Franzetti, who is head of P&C business management for the Americas at Swiss Re, identified four factors contributing to social inflation: the plaintiffs’ bar evolving over the past decade to become more strategic and coordinated across the US; litigation funding entering the picture; a change in culture leading to increased anti-corporate sentiment; and legal advertising doubling over the past decade to more than $1bn last year.
“All of these factors come together and they can lead to increasing loss costs and increasing combined ratios. We’re particularly feeling it in the umbrella and excess space,” Franzetti said.
Franzetti, who in her role at Swiss Re leads the P&C reinsurance claims group for the US, said that social inflation is leading to increasing numbers of nuclear verdicts.
It is also being seen in increasing frequency of other verdicts that are more in the multi-million-dollar range. “But they’re bigger than they’ve been in the past, and they’re also beyond the reasonable value of the loss,” she said.
A “refreshed approach” is needed
The executives suggested the industry needs a change in mindset to combat social inflation.
“We’re requiring a refreshed approach,” said Franzetti. “We need to do things differently than we’ve done in the past.”
She elaborated that potential actions can be divided into those that can be done before a loss happens and those that can be done after a loss.
One of the actions that can be taken before losses occur is to watch what is happening with legal advertising, as this can give an idea of which states losses might occur in and who lawyers are targeting.
Franzetti said that legal advertising generally precedes filings by about six to 12 months. “If you see advertising increasing in frequency that generally means it’s working, because there are aggregator companies and firms and their job is to accumulate plaintiffs,” she said.
Once a claim is happening, Franzetti said there are trial strategies that can be utilised.
“I would start with: what’s our story?” she said. “The defence needs to tell a story. We traditionally chip away at the plaintiff’s story but don’t offer one of our own and that actually is a little bit difficult to follow for jurors and doesn’t lend itself to connection.”
Franzetti advised anchoring juries and mediators with a number, which is something carriers are often reluctant to do.

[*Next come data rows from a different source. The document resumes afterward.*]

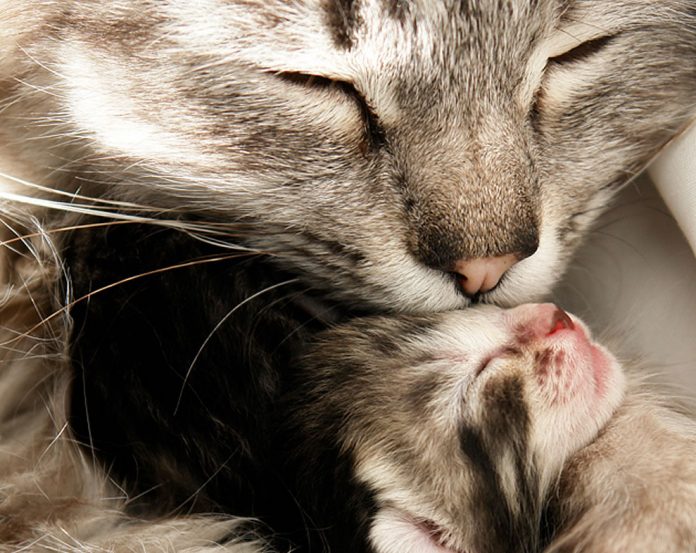 Kisah kucing : Jangan pisahkan aku dengan anakku.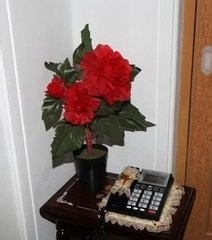 朝鲜高富帅的房子布置是怎样的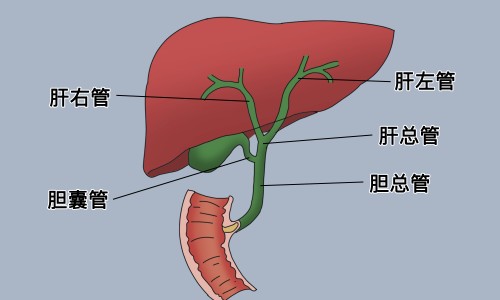 胃不好的人什么水果不能吃-胃不好的人宜吃那种水果网- 胃不好的人吃人什么水果最养胃知识,分享胃不好的人少吃三种水果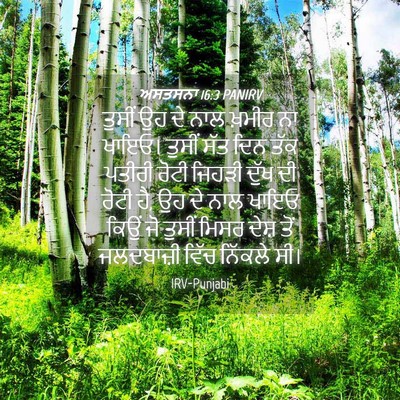 Picture 04 - ਅਸਤਸਨਾ 16:3 PANIRV - ਤੁਸੀਂ ਉਹ ਦੇ ਨਾਲ - Bible Verse Picture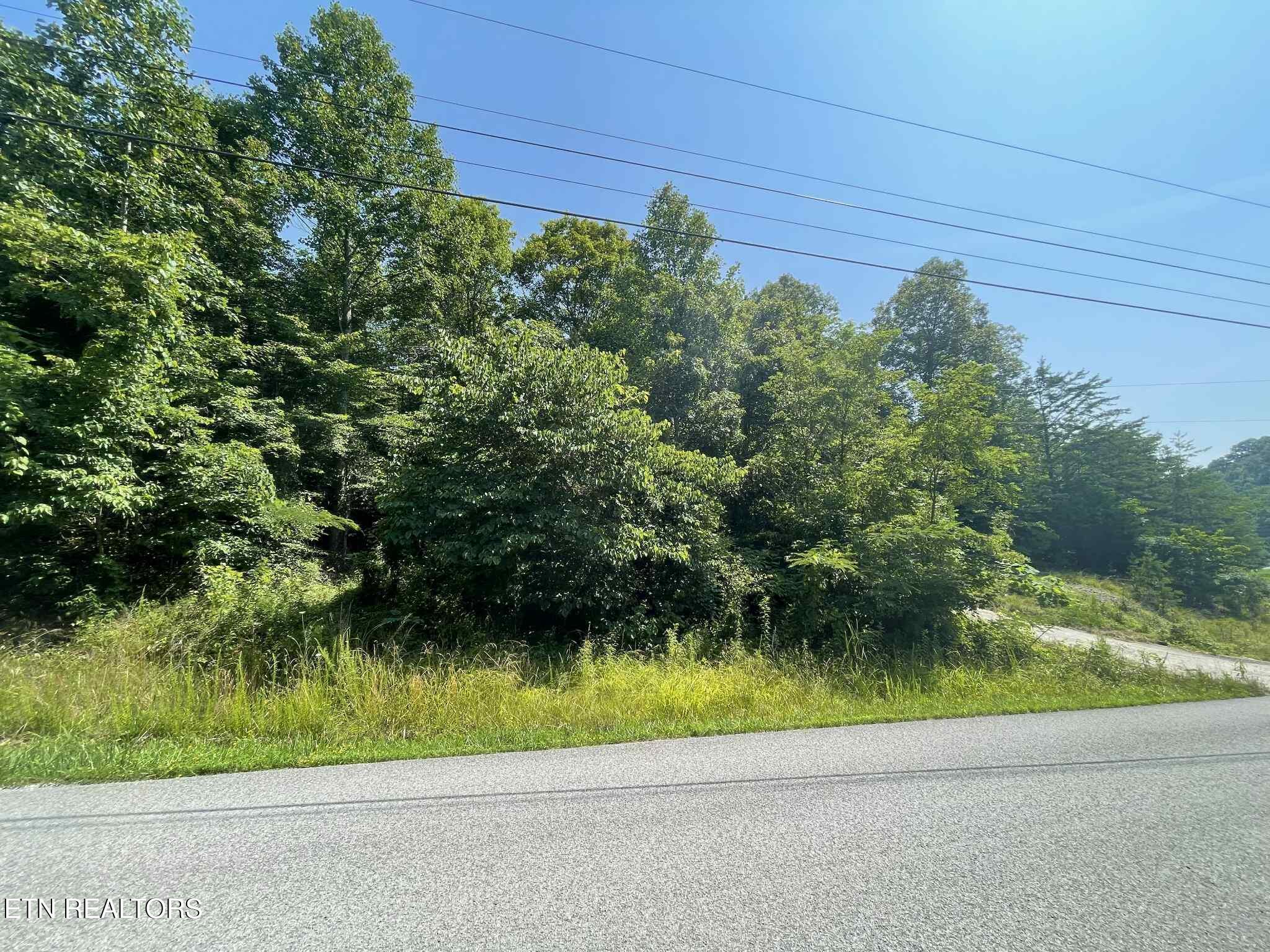 LOT 532 Whistle Valley Rd, New Tazewell, TN - Norris Lake Real Estate - Image# 4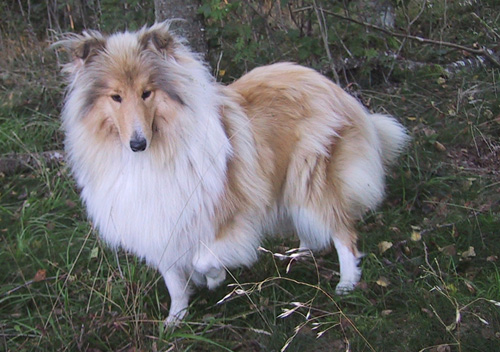 collie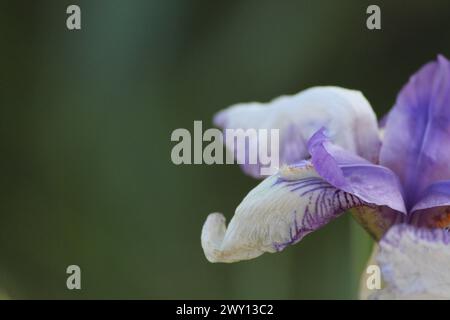 Vue rapprochée de l'iris violet et blanc Banque D'Images
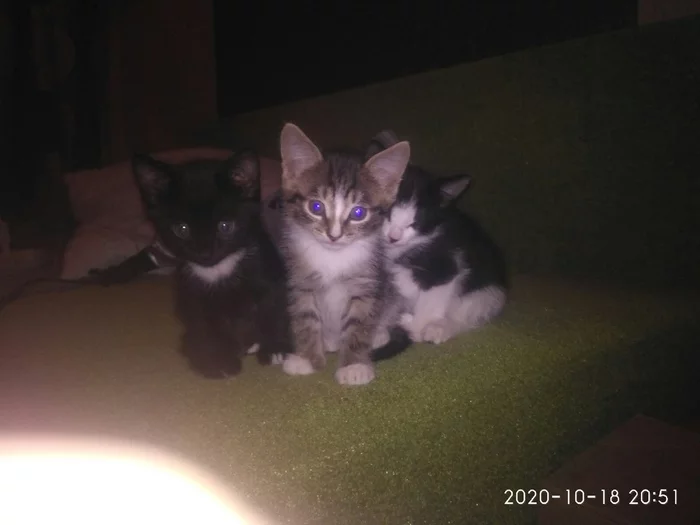 Kittens in good hands. Izhevsk city - cat, Pets, Animals, In good hands, Izhevsk, No rating, Kittens
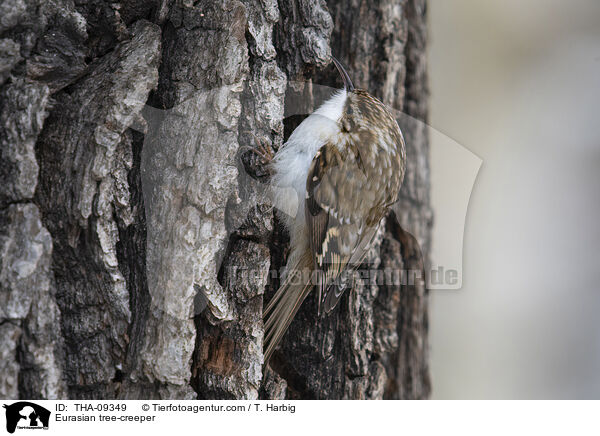 Waldbaumlufer / Eurasian tree-creeper / THA-09349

“We have often traditionally been afraid to give a number on the defence side, thinking that it implies liability,” she said. “But what happens is the plaintiffs’ attorneys are offering numbers and they’re priming the jurors, the judges and the mediators through this process to get accustomed to some big numbers.

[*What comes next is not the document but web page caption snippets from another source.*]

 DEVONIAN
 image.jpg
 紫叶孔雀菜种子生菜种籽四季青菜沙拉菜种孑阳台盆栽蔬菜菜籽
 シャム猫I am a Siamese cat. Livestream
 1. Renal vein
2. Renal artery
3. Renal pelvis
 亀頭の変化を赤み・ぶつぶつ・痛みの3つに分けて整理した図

“By the time the defence even offers the number, we’ve already lost them.”
Other pointers Franzetti provided include investing in witness preparation and finding out whether litigation funding is present in a case.
“We need to understand who all the parties are who might have an interest in the outcome,” she said.
Dupont stressed it is very important to “know who you are up against”.
“There are some very, very well-known plaintiffs’ attorneys that travel across the country. If you have the right defence counsel, they’re going to know that plaintiffs’ lawyer’s strategy and tactics. And know what jurisdictions you’re dealing with, know what court system you’re in.
“Pay attention to all the details – dot your i’s cross your t’s. Because you know the trial bar is going to do that, and they’re going to be gunning for you for the biggest number they can get.”